Pertama: tentang Iblis (merupakan makhluk dari jenis Jin) yang disimbolkan sebagai karakter sombong, congkak, dengki dan tidak mahu terima seandainya Nabi Adam beserta keturunannya menikmati gemerlapnya surga atau dunia begitu saja. Sehingga Iblis sempat pernah memohon kepada Allah untuk menangguhkan siksa-Nya hingga terjadi kiamat kelak. Sikap ini juga ditunjukkan oleh orang-orang yahudi dan nasrani (makhluk dari golongan Manusia), bahwa mereka sekali-kali tidak terima seandainya orang-orang islam tidak ikut jejak mereka atau Imam Nawawi mengatakan tidak ikut agama dan qiblat mereka,[100] sebagaimana Allah berfirman dalam al-Qur’an:

        Orang-orang Yahudi dan Nasrani tidak akan senang kepada kamu hingga kamu mengikuti agama mereka. Katakanlah: "Sesungguhnya petunjuk Allah Itulah petunjuk (yang benar)". dan Sesungguhnya jika kamu mengikuti kemauan mereka setelah pengetahuan datang kepadamu, Maka Allah tidak lagi menjadi pelindung dan penolong bagimu. (QS. Al-Baqarah: 120)

Kedua: Iblis (makhluk dari jenis Jin) yang pada awalnya merupakan makhluk yang istimewa, dia sangat pandai, mirip malaikat, bahkan malaikat sebelumnya menyampaikan hasil catatannya kepada Allah tidak secara langsung tapi memalalui Iblis dan Iblis yang menyampaikan langsung kepada Allah. akan tetapi, kemudian Iblis berparangai buruk dan tidak mematuhi perintah Allah.[101] Nabi Adam (bapak seluruh Manusia) juga demikian, ia awalnya mendapat kedudukan istimewa sampai-sampai para seniornya saja, seperti Iblis dan para malaikat diperintahkan bersujud kepadanya.
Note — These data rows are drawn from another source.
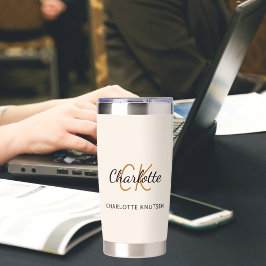 Beige Monogramm Initialen Name einfach Thermobecher
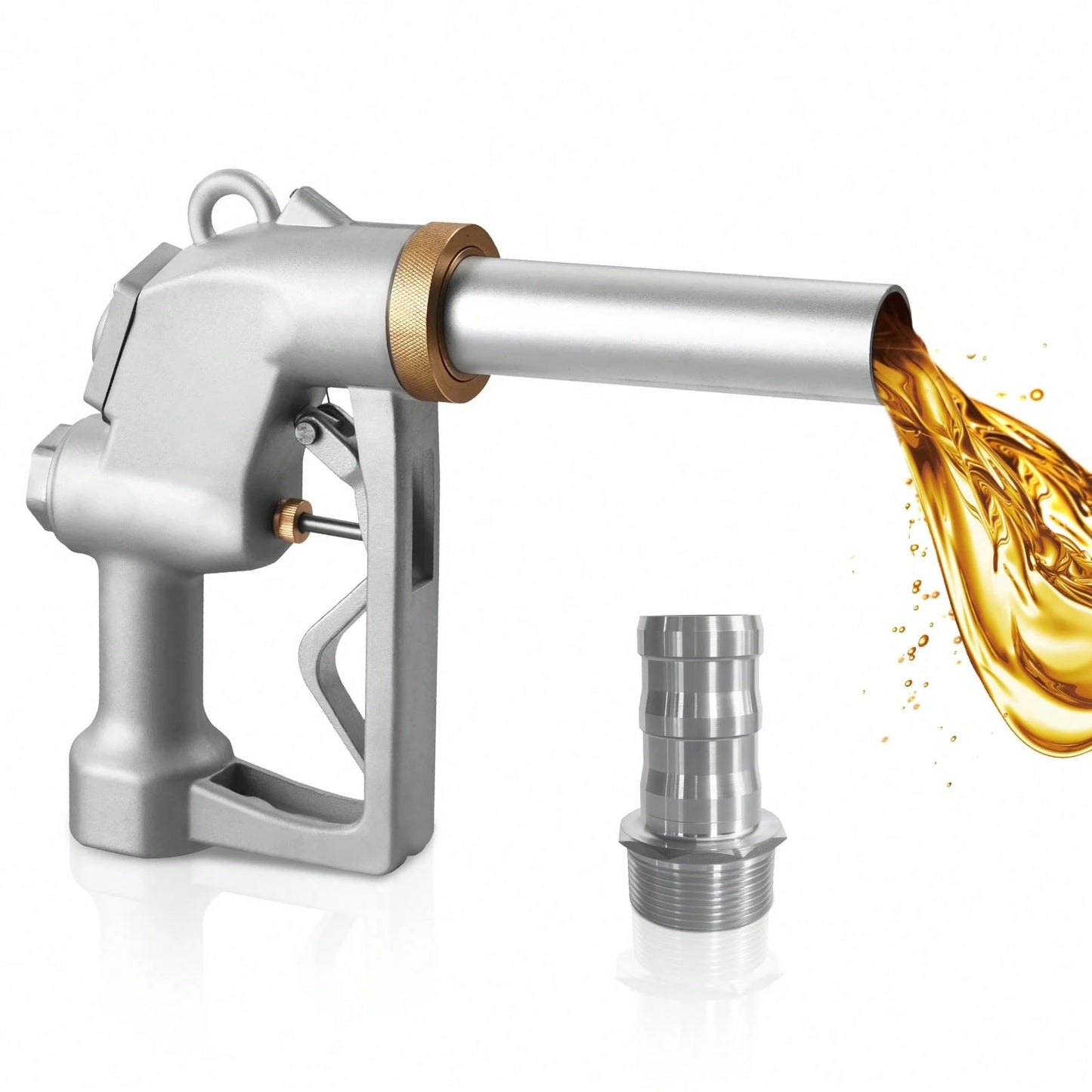 1.5 Inch Barb Automatic Fuel Nozzle With Swivel, Max Flow Rate 37 GPM, Auto Shut Off Diesel Gas Pump Nozzle With 3-Speed Trigger Lock & 1.5 Inch (OD=40 Mm) Spout For Gasoline, Diesel, Kerosene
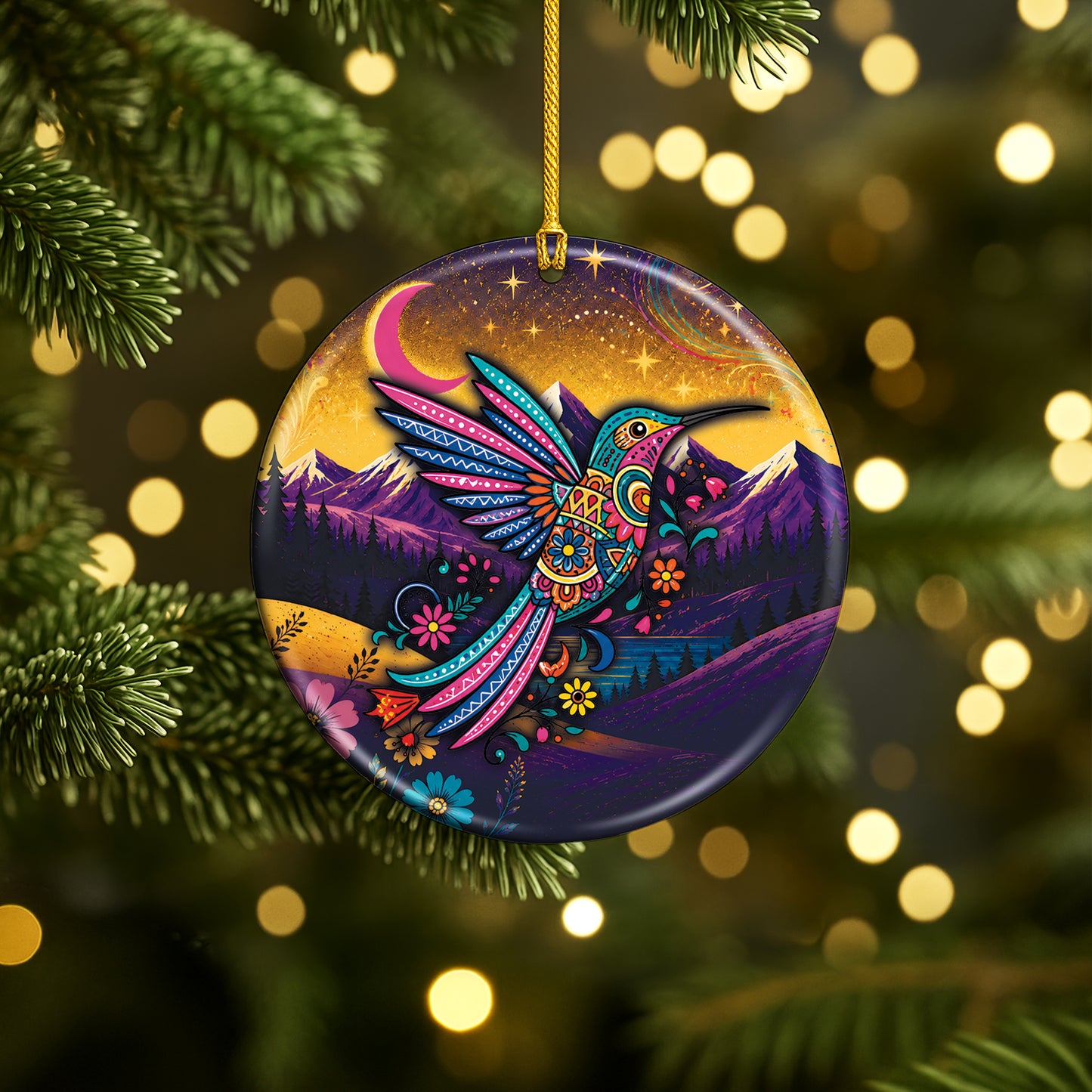 Native American Hummingbird Spirit Christmas Ornament – Indigenous Art Ceramic Hanging Decoration
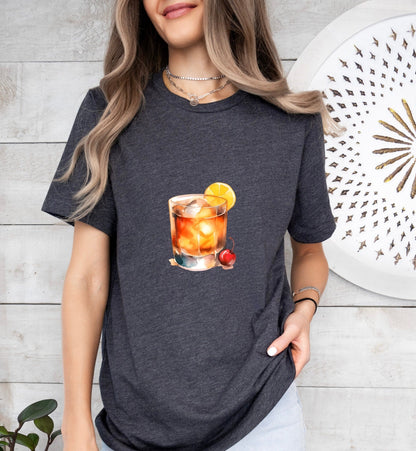 Whiskey Sour Cocktail Groom or Bride Cocktail Bar Shirt - Minimalist Aesthetic T-Shirt for Bachelor or Hen Party - Fun and Chic Design - Raiden Gate Design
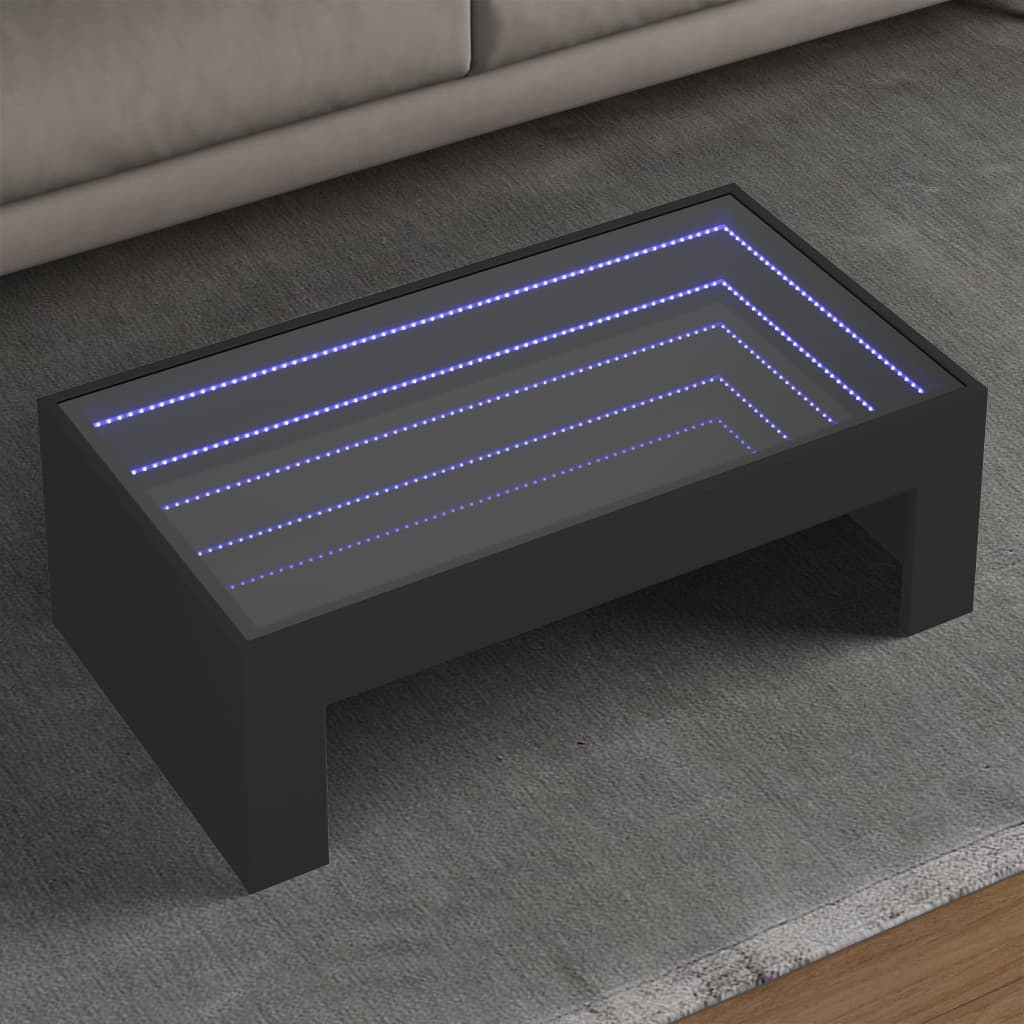 Table basse avec LED infini noir 90x50x30 cm - Tables basses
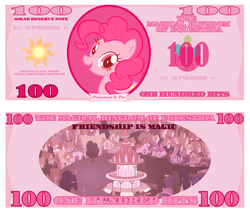 Size: 1200x1020 | Tagged: safe, artist:cradet, part of a set, pinkie pie, g4, bill, bits, money, part of a series, ponyville, stock vector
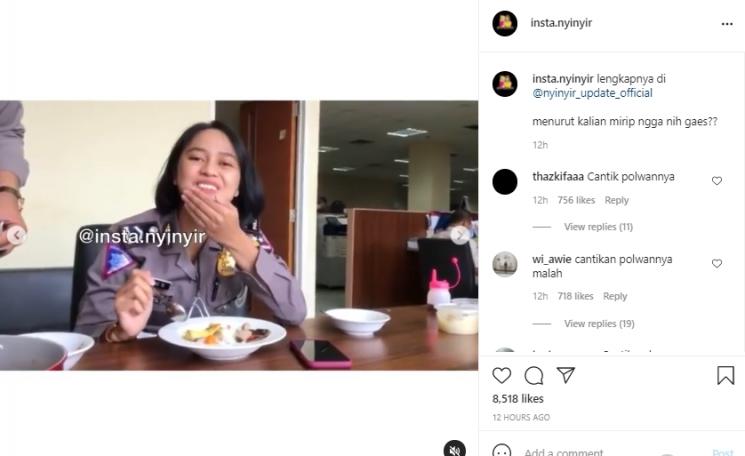 Polwan mirip Lesti Kejora (Instagram.com)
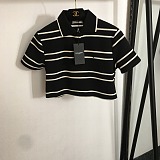 SUPER WHOLESALE | Striped Cropped Polo Shirt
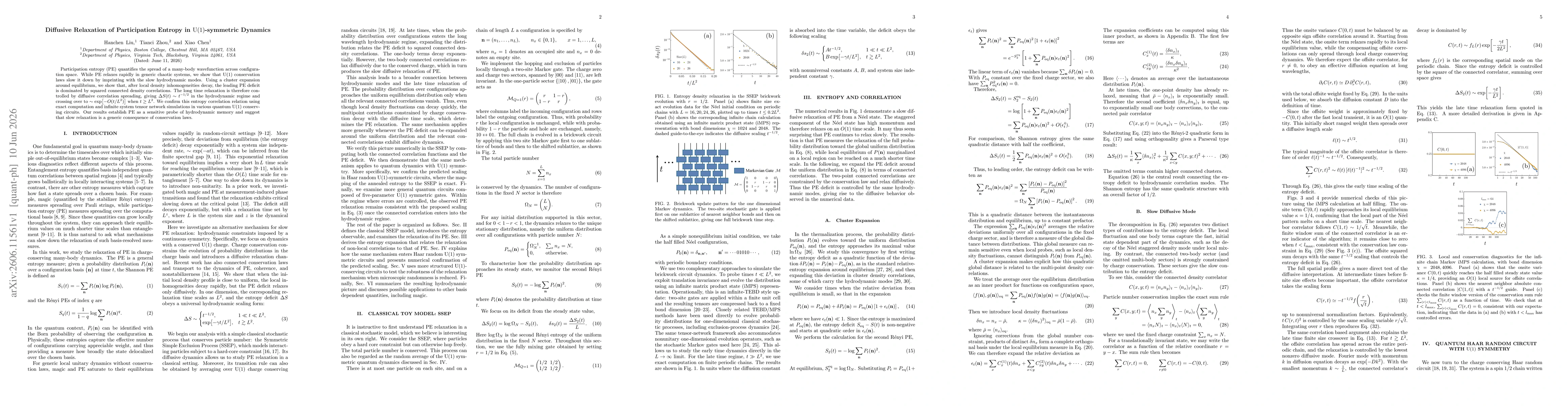 Thumbnail for Diffusive Relaxation of Participation Entropy in U(1)-symmetric Dynamics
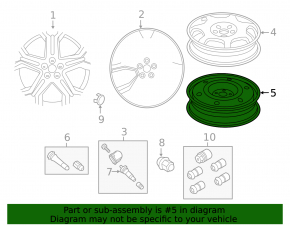 Spare tire for Ford Edge 19-155/70 D17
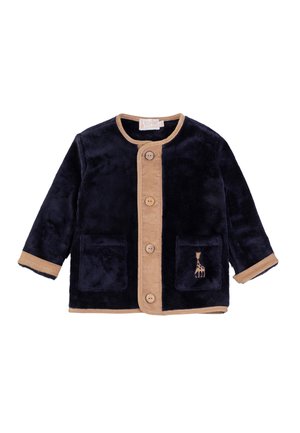 Navy blue fleece jacket with tan trim, button closure, two front pockets, and a giraffe embroidery detail on the left pocket.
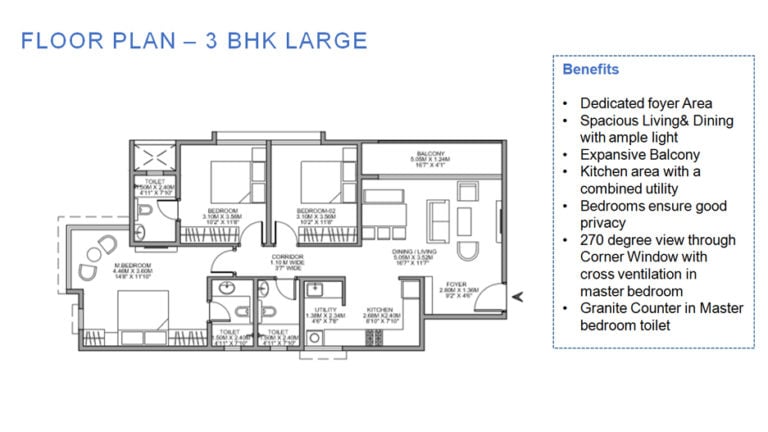 Godrej Nurture Floor Plan 3 BHK Large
Hanya saja, seperti halnya Iblis ia juga melakukan kesalahan yang fatal, sehingga Allah pun menghukumnya dengan mengeluarkannya dari surga dan menurunkannya ke bumi.[102] Namun bedanya dengan sang senior adalah Nabi Adam langsung bertaubat kepada Allah dan Allah pun menerima taubatnya, sebagaimana firman-Nya: 

        Kemudian Adam menerima beberapa kalimat[103] dari Tuhannya, Maka Allah menerima taubatnya. Sesungguhnya Allah Maha Penerima taubat lagi Maha Penyayang. (QS. Al-Baqarah: 37)

Ketiga: Setan (makhluk dari golongan Jin dan Manusia) adalah musuh yang nyata bagi Para Nabi Allah, sebagian mereka membisikkan kepada sebagian yang lain perkataan-perkataan yang indah-indah untuk menipu, sebagaimana firman Allah ta’ala: 

        Dan Demikianlah Kami jadikan bagi tiap-tiap Nabi itu musuh, Yaitu syaitan-syaitan (dari jenis) Manusia dan (dan jenis) Jin, sebahagian mereka membisikkan kepada sebahagian yang lain perkataan-perkataan yang indah-indah untuk menipu (Maksudnya Setan-Setan jenis Jin dan Manusia berupaya menipu agar tidak beriman kepada Nabi). Jikalau Tuhanmu menghendaki, niscaya mereka tidak mengerjakannya, Maka tinggalkanlah mereka dan apa yang mereka ada-adakan. (QS. Al-An’am: 112)[104]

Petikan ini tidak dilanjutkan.